Browse and submit language model benchmarks
Calculate GPU requirements for running LLMs
Track, rank and evaluate open LLMs and chatbots
Browse and filter ML model leaderboard data
View and submit LLM evaluations
Explore and visualize diverse models
Launch web-based model application
Teach, test, evaluate language models with MTEB Arena
Display genomic embedding leaderboard
Download a TriplaneGaussian model checkpoint
Compare LLM performance across benchmarks
Open Persian LLM Leaderboard
Browse and filter machine learning models by category and modality
The HHEM Leaderboard is a platform designed for model benchmarking, allowing users to browse and submit language model benchmarks. It serves as a centralized hub for comparing the performance of various language models across different tasks and datasets.

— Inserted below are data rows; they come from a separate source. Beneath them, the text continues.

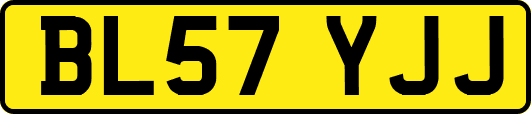 BL57YJJ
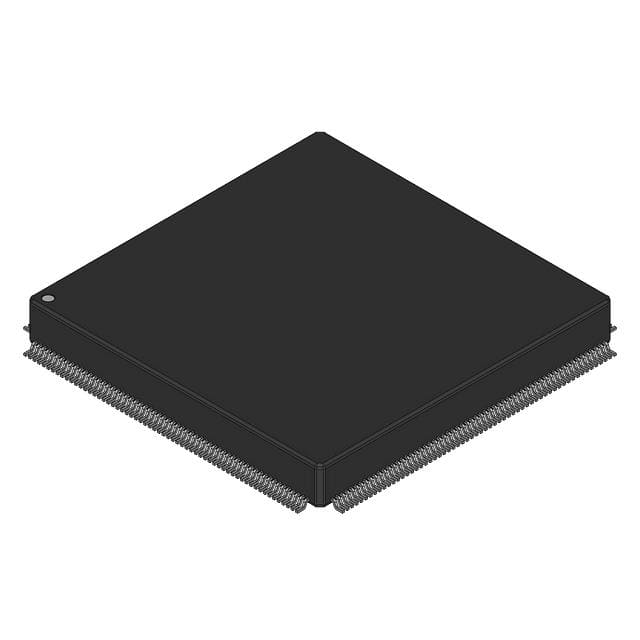 Lattice OR3C805PS240-DB | Chipmall.com electronics components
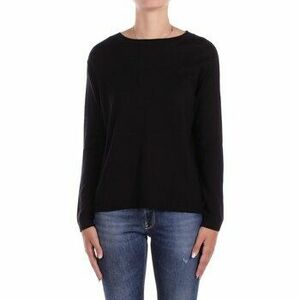 Pulóverek Max Mara 2526366077600 kép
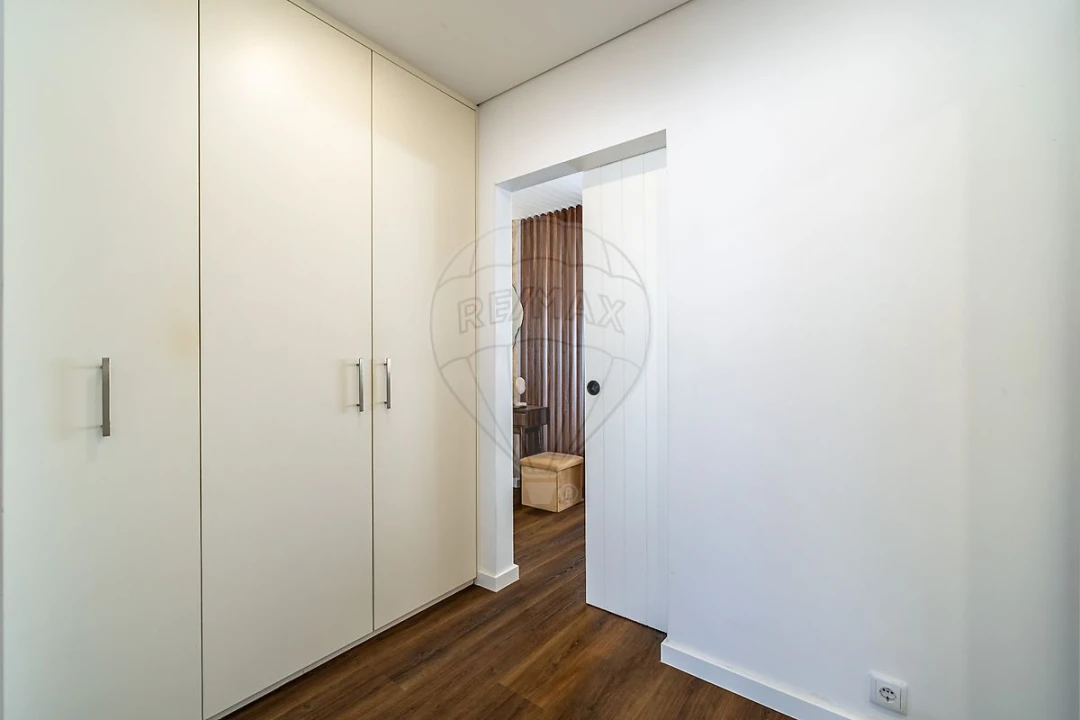 Apartamento T2 para Venda em Pedroso e Seixezelo Foto 1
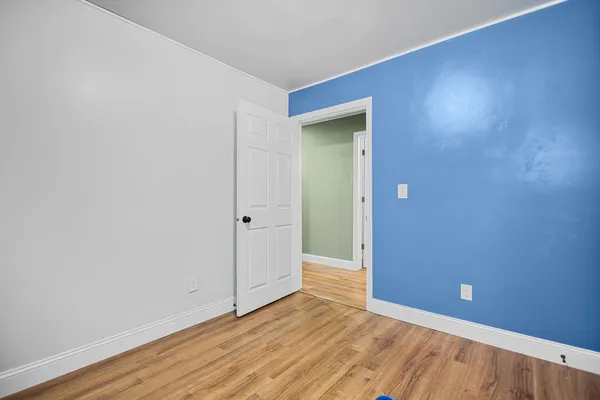 $379,900 | 7708 Highway 32, Gillett, WI 54124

The leaderboard provides a transparent and standardized way to track advancements in language model capabilities.
What does HHEM stand for?
HHEM stands for Human-Human Empirical Metrics, focusing on evaluating language models based on human-like performance benchmarks.
Can I submit my own language model benchmarks?
Yes, HHEM Leaderboard allows users to submit benchmarks for their own language models, provided they follow the submission guidelines and criteria.
How often are the benchmarks updated?
The benchmarks are updated regularly as new models are submitted or as existing models are re-evaluated with updated metrics.